Невозвратные годы | страница 3



Около Покрова обычно выпадает первый снег, замерзают озёра и реки. Наверное, я появился на свет в субботу или в воскресенье. Бани по-чёрному крестьяне тысячу лет топили именно по субботам. Вероятно, меня вместе с матерью в тот же день переправили в дом, в новую обжитую зимовку, где уже обретался мой четырёхлетний брат Юрка. (Отец хотел, чтобы брата назвали Петрухой, но мать настояла на другом имени, и Петька стал Юрием.)

Итак, я появился в нашей новой зимовке, не топить же было баню во второй раз из-за нас с мамой? Младенец мог бы и задохнуться в дыму… Зимнюю избу, летнюю часть дома, стоявшую ещё без окон, двор, хлев, амбарчик и баню отец Иван Фёдорович рубил при помощи моей матери. Лес на эти постройки был заготовлен «под сок», то есть весною. Сразу после отцовской действительной службы и женитьбы, в зиму, когда нас ещё никого не было, бабка Фоминишна с отцом ещё на своей лошади Карюхе вывезли из тайги брёвна. Иван Фёдорович при помощи родни за одно лето (по-видимому, в 1927 году) срубил все эти строения. Мать моя тюкала топором на одном углу, отец на другом. Он рубил да жену молодую нахваливал…

Любовное их знакомство состоялось ещё до действительной отцовской службы. Оно связано тоже с баней, правда, с баней иной. Отец, будучи сиротой (моего деда убили где-то на строительстве Северной железной дороги), был не богат. Жили у Фоминишны в постоянной нужде, и потому ещё до службы отец подрядился рубить баню для Михаилы Григорьевича Коклюшкина, мамина деда. В той же деревне. Из дома Коклюшкиных мать, тоже сирота, но уже круглая, без приданого, пошла в старую курную избу Ивана Фёдоровича. Мать рассказывала, как Михайло Григорьевич стукал ногтем по берестяной табакерке и приговаривал: «Выходи, выходи, Анфиска, за Ваньку-то. Ванька парень хороший».

Молодожёны рубили эти новые срубы, повторяю, всего одно лето!

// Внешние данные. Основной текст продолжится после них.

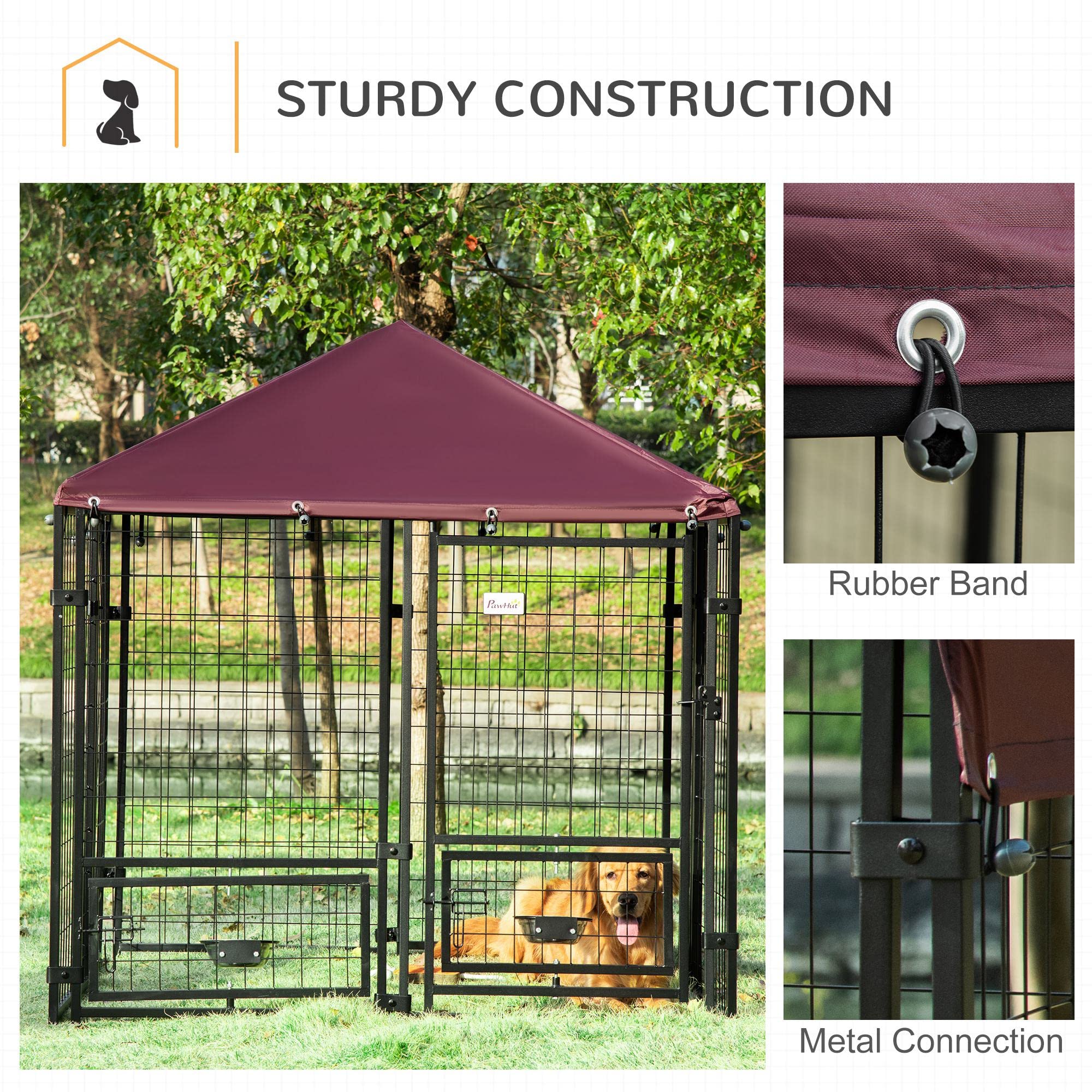 PawHut 5' x 5' x 5' Outdoor Dog Kennel with Rotating Bowl Holders, Walk-in Pet Playpen, Welded Wire Steel with Water and UV-Resistant Canopy, Red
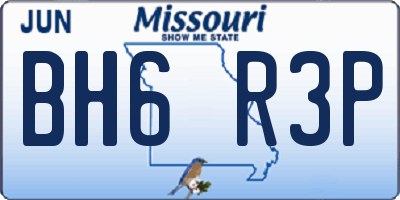 MO license plate BH6R3P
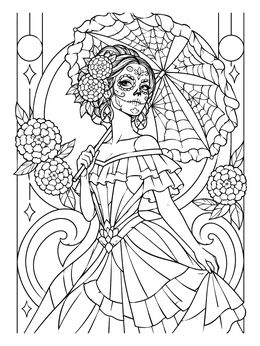 A detailed female sugar skull coloring page featuring an elegant lady with a spiderweb parasol.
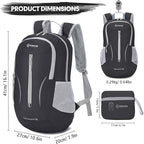 ZOMAKE Ultra Lightweight Packable Backpack 25L, Foldable Hiking Backpacks Water - Image 2
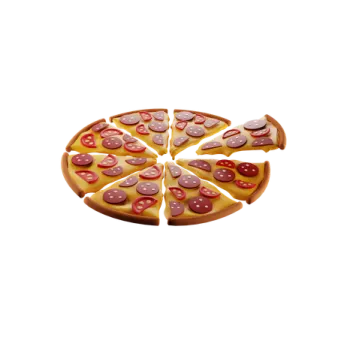 a small pizza with different toppings on it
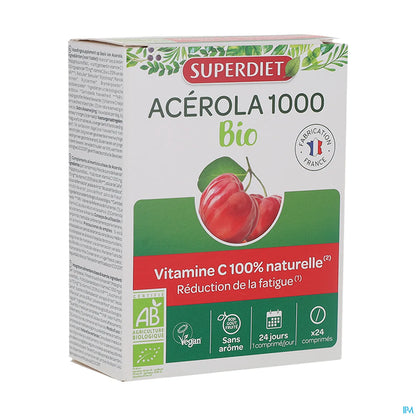 Acerola 1000 Biologico 24 Compresse Masticabili con Incisione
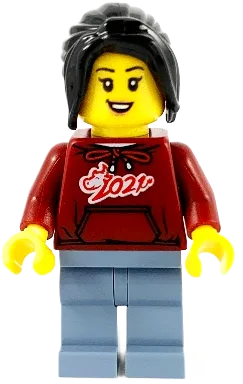 Woman - Dark Red '2021' Shirt, Sand Blue Legs, Long Black Hair minifigure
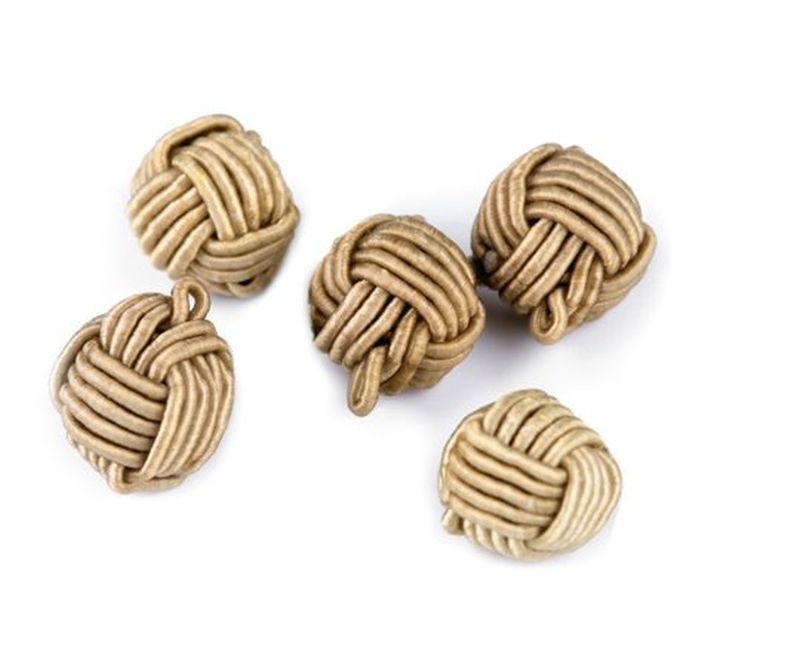 Posamenten Knopf beige rund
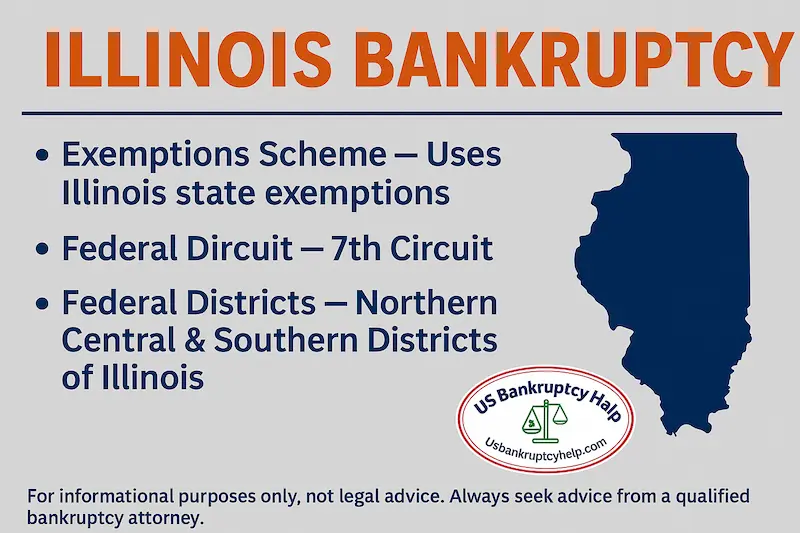 Wide banner titled ‘Illinois Bankruptcy’ in orange and navy with a navy Illinois silhouette; bullets state Illinois uses its own exemptions, is in the 7th Circuit, and has Northern, Central, and Southern Districts; US Bankruptcy Help logo and disclaimer along the bottom.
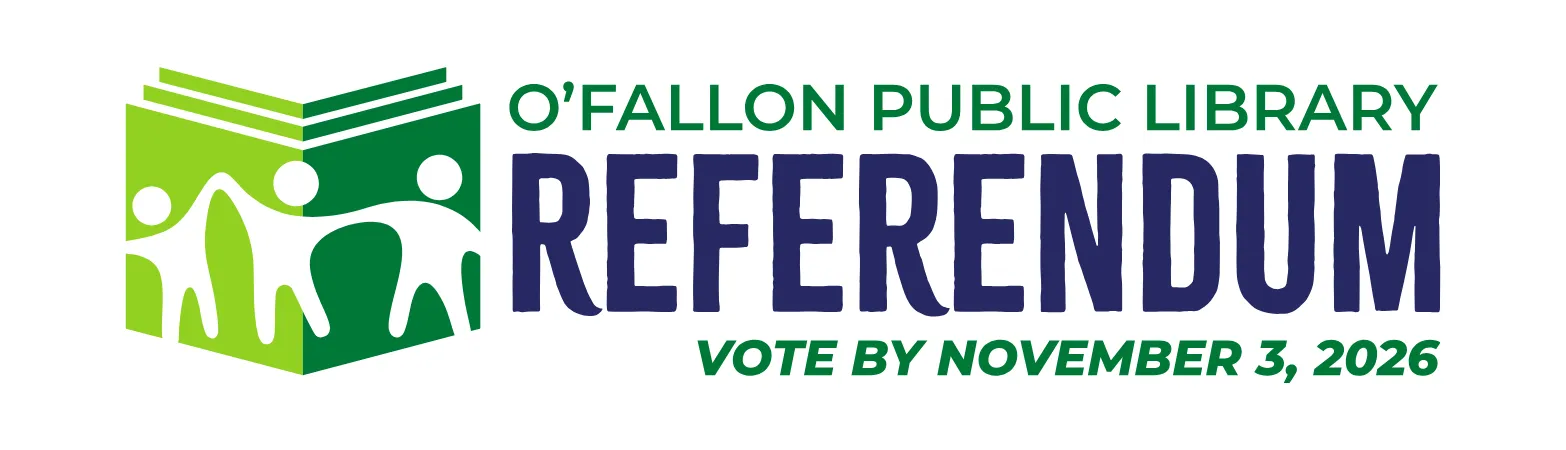 “O’Fallon Public Library referendum logo featuring a stylized open book with people, alongside the words ‘Referendum — Vote by November 3, 2026.’”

Наверное, всем ведомо, что жизнь состоит из прошлого, настоящего и будущего, говорим ли это про отдельного человека или про целый народ.

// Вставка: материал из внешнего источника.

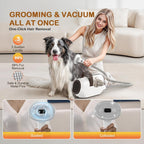 Ozumek pet vacuum cleaner unit with two liter detachable dust cup shown fully assembled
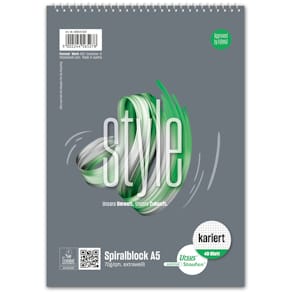 Spiralblock Staufen Style, A5, 40 Blatt, kariert, mikroperforiert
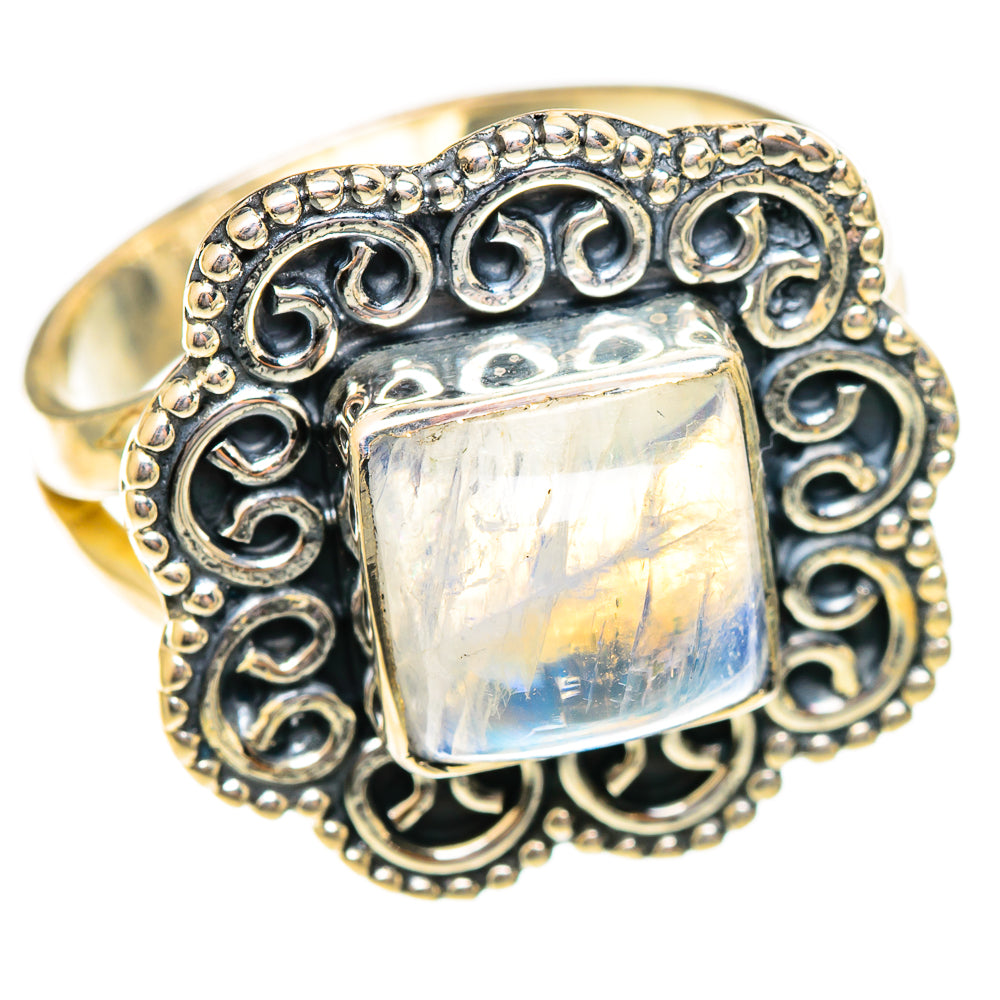Rainbow Moonstone Rings handcrafted by Anasilvercos - RING108132 - Photo 2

По своему опыту знаю, ощущаю, как годы прессуются во временные пласты. Эти пласты давят на человека в настоящем. Мне кажется, они и будут давить, пока человек жив, пока способен ошущать физическую тяжесть. И тем сильнее, чем дольше человек живёт. (Правда, у монахов такая тяжесть, по моим предположениям, из физической медленно преобразуется в духовную, а у святых физическая вообще истлевает…) Может быть, в преддверии, в ожидании именно этой мысли, заключённой в скобки, будучи самоуверенным студентом, безапелляционно заявил я однажды: «Родился усталым и грустным, весёлым и сильным умру».